To recap, in T5-style model parallelism, we:

  • Define a mesh (an array of processors) and a mapping between input axes and mesh axes

  • Place a slice of the input on each processor (which slice is placed on which processor is determined by the mesh and the mapping)

  • Run a specified function on each slice in parallel

More complicated functions

It’s fairly easy to see how ReLU gets parallelize in this way, but what about more complicated functions? For example, instead of ReLU, suppose we want to compute a sum of input over its “input_cols” axis in parallel. In this case, we produce 16x64 slices for each processor in the same way as described above. Then each processor applies the sum operation to its slice producing a vector of length 16. Here we arrange the shapes of each output on each processor just like our mesh:

16	16	16	16
16	16	16	16

We then need to apply another sum across processors on the reduced-out axis. That is we sum across the 4 columns in the mesh and we communicate the result to all the processors (this is the Allreduce collective communication primitive). Now, each processor in the same row of the mesh has a vector of length 16 with the same values. Any column can then be concatenated to get the correct output, which will be a vector of length 32 (I’m not sure of the logic for producing the correct output rather than an output of the same shape as the input but with a lot of duplicated data).

With a combination of broadcasting, elementwise operations, and reductions (e.g., sum, mean, max, etc), we can define a lot of different functions, including Einstein Summation, which includes matrix multiplication as a special case.

Named arrays

A named array is like a NumPy array except that each axis has a name. We don’t require named arrays to implement this style of parallelism, but they’re natural to introduce in such an implementation and provide a lot of benefits.

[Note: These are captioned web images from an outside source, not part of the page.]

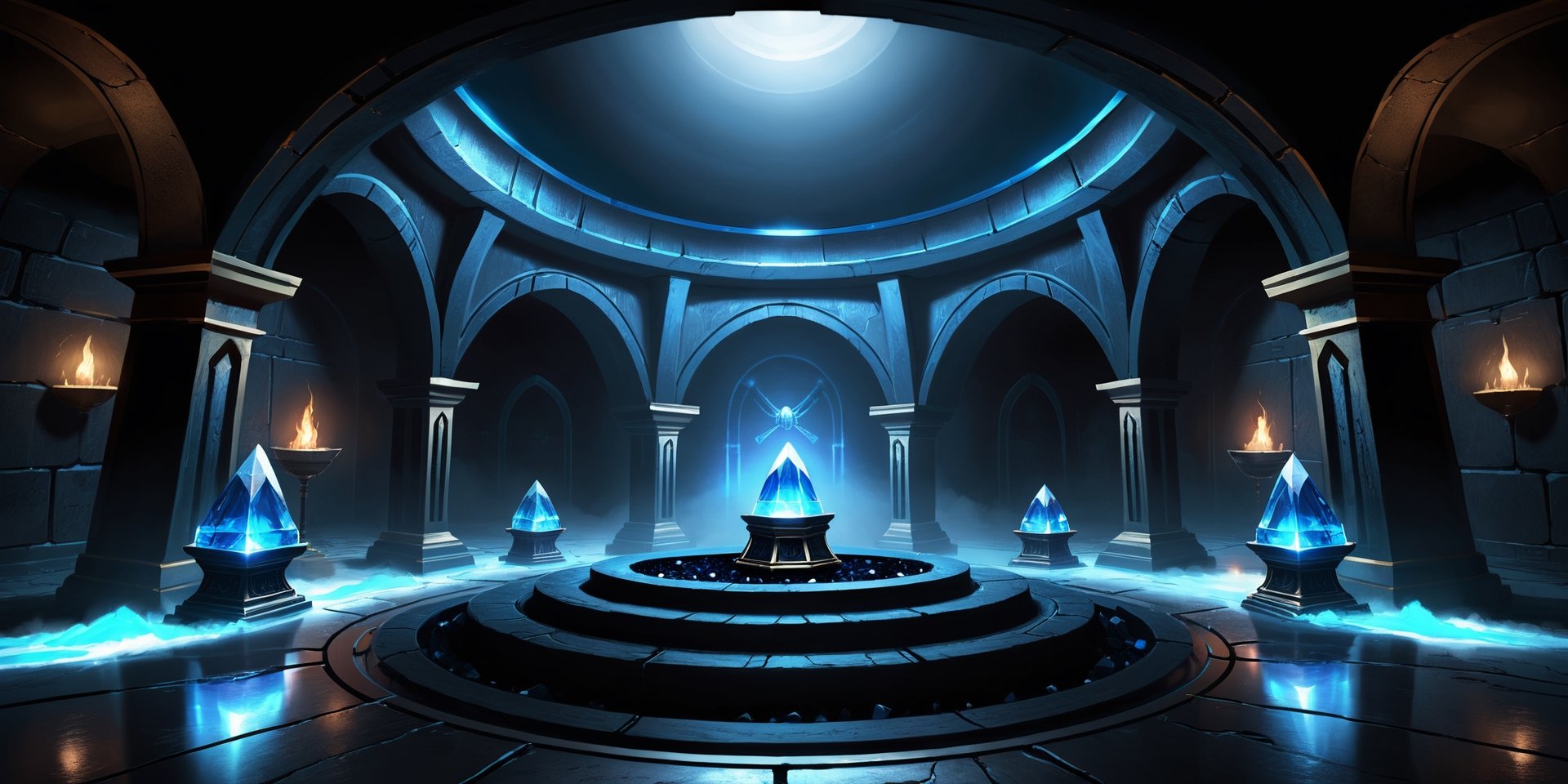 Dark underground crypt lit with blue torches, large circular room, three stone coffins at centre of room, black obsidian walls, (black crystal obsidian:2), fantasy, digital_painting, shadows, dust, cobwebs, dome ceiling, symmetrical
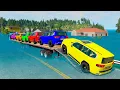 Lagu Triple Flatbed Trailer McQueen Transportation with Truck - Speedbumps vs Cars vs Train - BeamNG #255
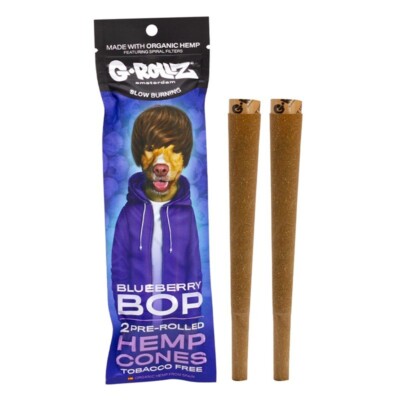 G-Rollz Blueberry Bop pre-rolled hemp cones tobacco free with spiral filters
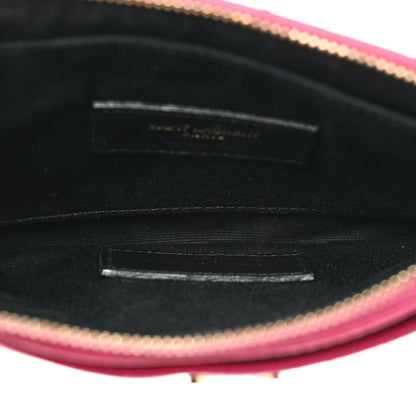 Saint Laurent Grain De Poudre Chevron Monogram Bill Pouch Bright Pink 6 of 13
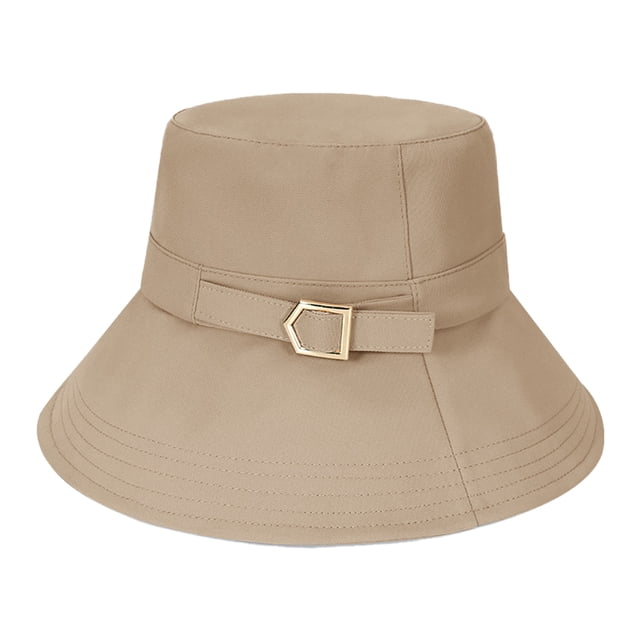 Sombrero de pescador ajustable de color caqui, sencillo, con circunferencia de 55 a 60 cm, para mujer, para cubrir el rostro y el sol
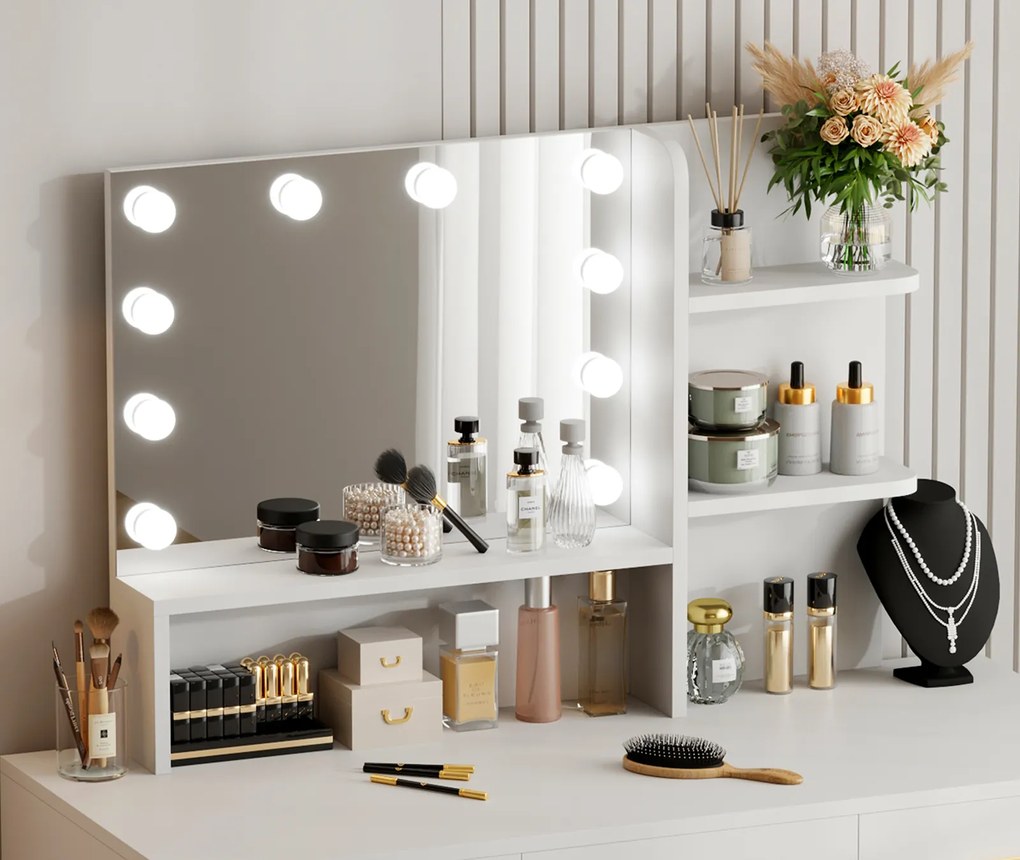 Toaletný stolík ELARA s LED osvetlením biely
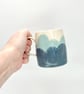 Handmade Mug Tea Coffee Blue Clouds Birthday Thank You Pottery Gift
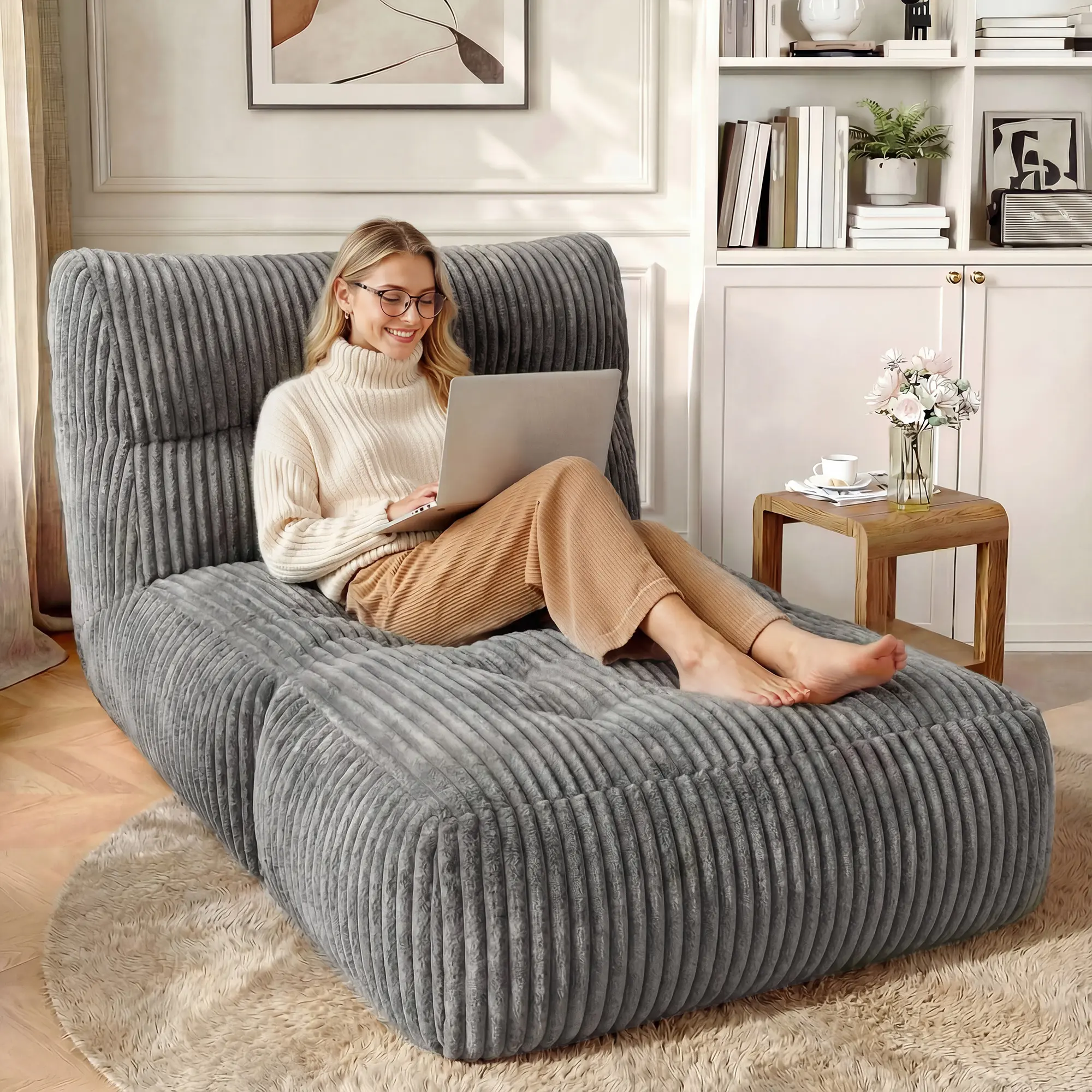 【SummerVibes】 Raybee Bean Bag Sofa,Giant Bean Bag Chairs for Adults 31.49" H with Foldable Ottoman,Big Lounge Chair with Memory Foam Filled for Living Room, Bedroom or Balcony,Lazy Floor Sofa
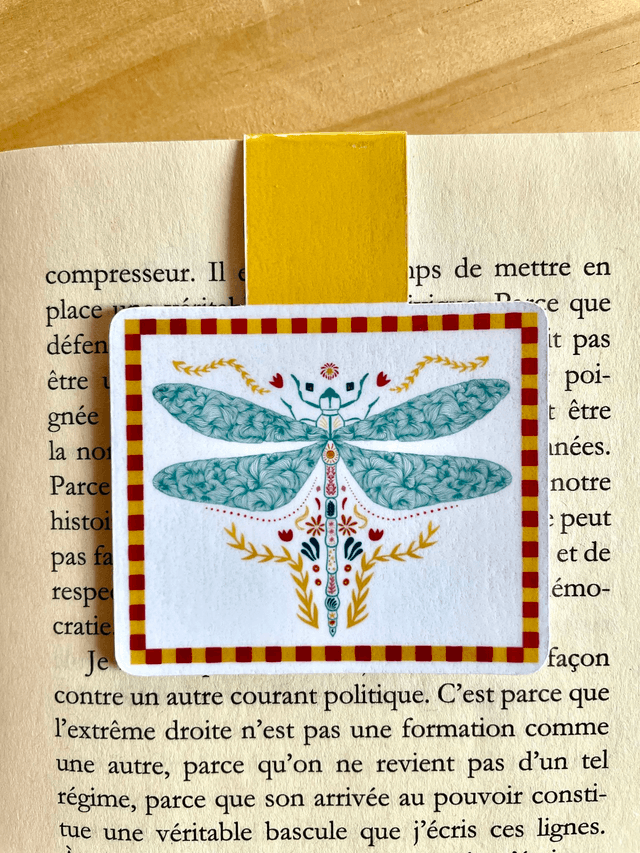 Marque-page magnétique libellule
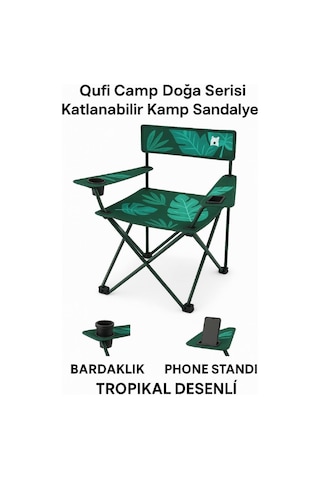 Qufi Desenli Katlanır Kamp Piknik Sandalyesi Rejisör Koltuğu Yeşil Yeşil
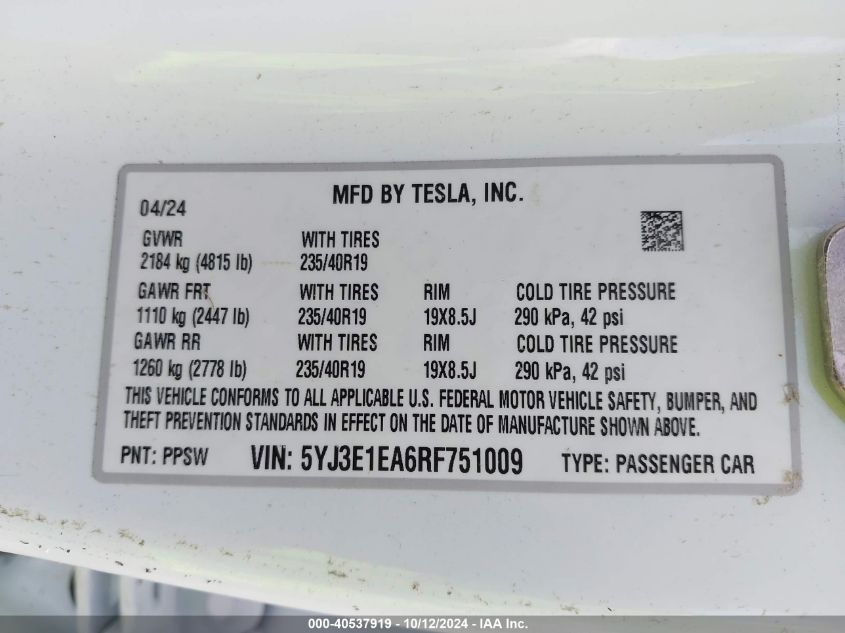 VIN 5YJ3E1EA6RF751009 2024 TESLA MODEL 3 no.9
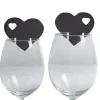 Marque verre coeur noir x10
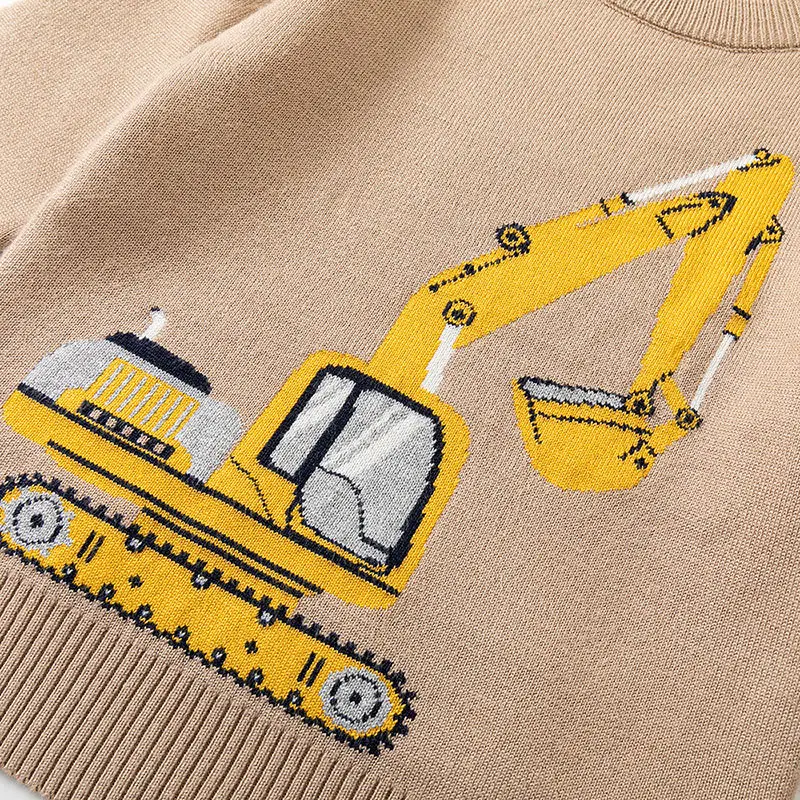 New Arrival Cartoon Kids Sweater Set Beige Blue Red - Image 7
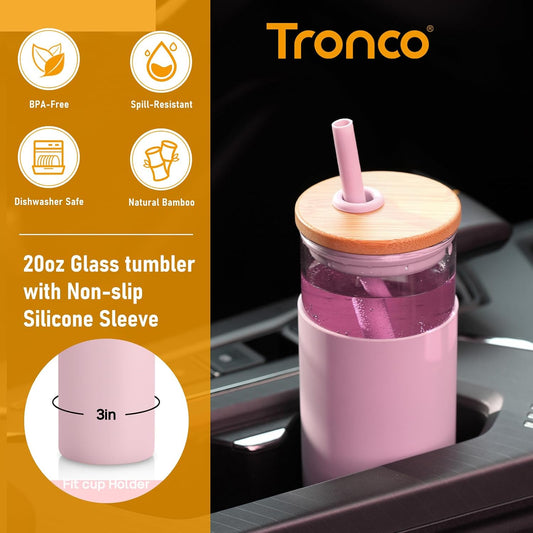 Tronco 20 oz Glass Tumbler with Lids and Straws, Reusable Iced Coffee Cups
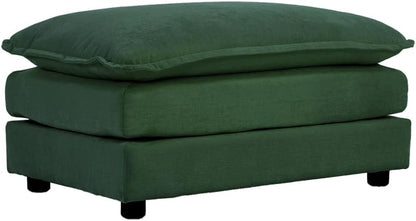 Chenille Ottoman Footrest for 2, 3, and 4 Seater Sofas, Green (Green + Chenille + 1 Seat-1)
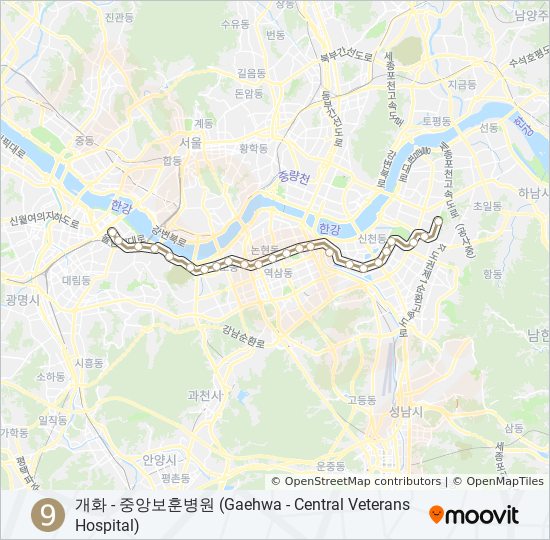 9 지하철 노선 지도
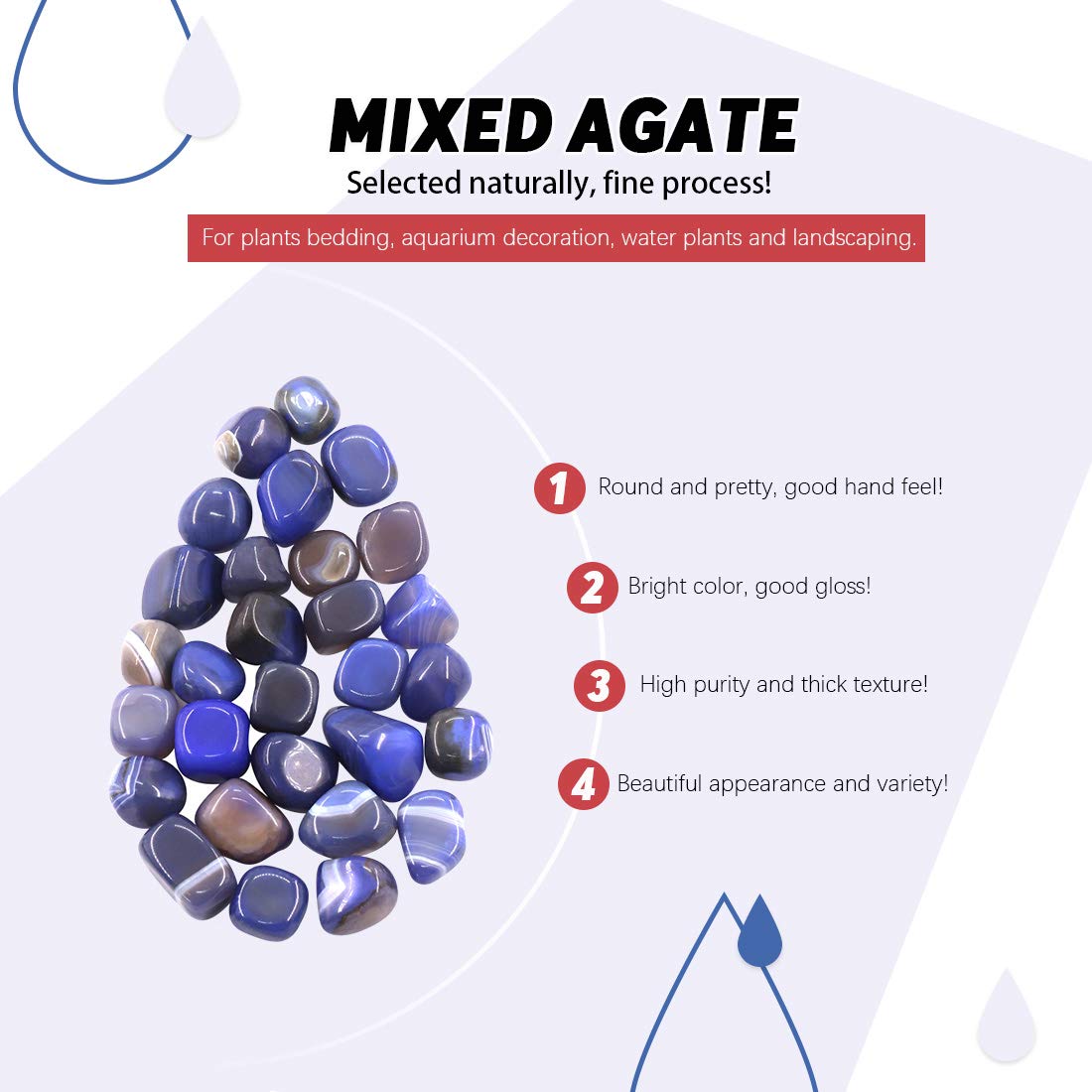 Hilitchi Blue Agate Stone Tumbled Stones for Plants Cacti & Succulents Bedding, Vase Filler, Landscape Bottom Decoration (About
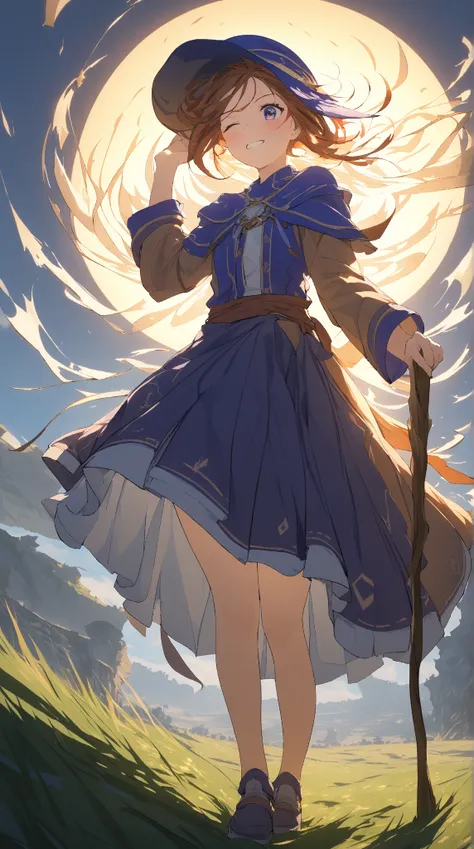 1 girl, (cute face), 18 years old, to many hairstyle, grimace, blush, medium breasts, wearing fantasy game style Mages costume, Sharqi, (knee length:1.2), (skirt lifted by wind:1.3, blown by the wind:1.4),, Mages Hat, one eye closed, holding Mages Staff, a...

In fact, they’re useful beyond just defining functions to be parallelized. For example, see the discussion from this post on broadcasting: “While the rule for broadcasting named axes might seem like an arbitrary extension of the NumPy model, it is actually consistent with it. Broadcasting first looks for pairs of dimensions it considers as equivalent in both operands. For all matched pairs, it asserts that both sizes are equal or one of them is 1. All unpaired dimensions are carried over to the result. Now, in the positional world the way NumPy broadcasting chooses to form the pairs is by right-aligning the shapes. But our axes are named, so there is a straightforward way of finding equivalent axes: just check their names for equality!”



I also think it was used to train mT5 (“The model architecture and training procedure that we use for mT5 closely follows that of T5.” Xue et al 2021a) and ByT5 (“The design stays relatively close to mT5 …” Xue et al 2021b).